**Your task**.
Please take the records that follow and repeat exactly the lines starting with the line with "Для кляра яйца" and going on through the line with "PS2624 – Swinging Door".

**Material shown**.

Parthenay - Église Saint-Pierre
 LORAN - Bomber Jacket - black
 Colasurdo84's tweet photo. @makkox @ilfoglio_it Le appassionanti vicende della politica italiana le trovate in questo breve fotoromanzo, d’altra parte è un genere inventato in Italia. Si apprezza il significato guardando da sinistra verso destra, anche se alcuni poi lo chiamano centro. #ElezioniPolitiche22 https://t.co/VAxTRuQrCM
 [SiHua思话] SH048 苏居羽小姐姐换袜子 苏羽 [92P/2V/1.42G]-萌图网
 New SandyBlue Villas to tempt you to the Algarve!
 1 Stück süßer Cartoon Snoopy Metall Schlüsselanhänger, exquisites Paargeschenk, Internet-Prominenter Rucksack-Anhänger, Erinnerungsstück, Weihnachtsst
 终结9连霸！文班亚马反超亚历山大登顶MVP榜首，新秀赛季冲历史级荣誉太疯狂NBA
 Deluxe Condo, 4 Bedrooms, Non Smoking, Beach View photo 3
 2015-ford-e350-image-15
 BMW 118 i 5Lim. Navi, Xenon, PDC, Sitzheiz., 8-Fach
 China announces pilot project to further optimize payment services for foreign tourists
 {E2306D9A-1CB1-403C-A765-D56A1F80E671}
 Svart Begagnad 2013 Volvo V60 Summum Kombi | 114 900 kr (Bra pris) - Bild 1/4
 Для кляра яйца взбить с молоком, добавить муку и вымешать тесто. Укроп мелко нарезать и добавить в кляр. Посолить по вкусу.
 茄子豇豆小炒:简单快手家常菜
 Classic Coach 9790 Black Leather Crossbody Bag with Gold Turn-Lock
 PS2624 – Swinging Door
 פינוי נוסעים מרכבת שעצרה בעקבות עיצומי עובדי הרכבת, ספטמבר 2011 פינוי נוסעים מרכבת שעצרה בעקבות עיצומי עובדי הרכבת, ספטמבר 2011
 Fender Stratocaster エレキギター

**Solution**.
 Для кляра яйца взбить с молоком, добавить муку и вымешать тесто. Укроп мелко нарезать и добавить в кляр. Посолить по вкусу.
 茄子豇豆小炒:简单快手家常菜
 Classic Coach 9790 Black Leather Crossbody Bag with Gold Turn-Lock
 PS2624 – Swinging Door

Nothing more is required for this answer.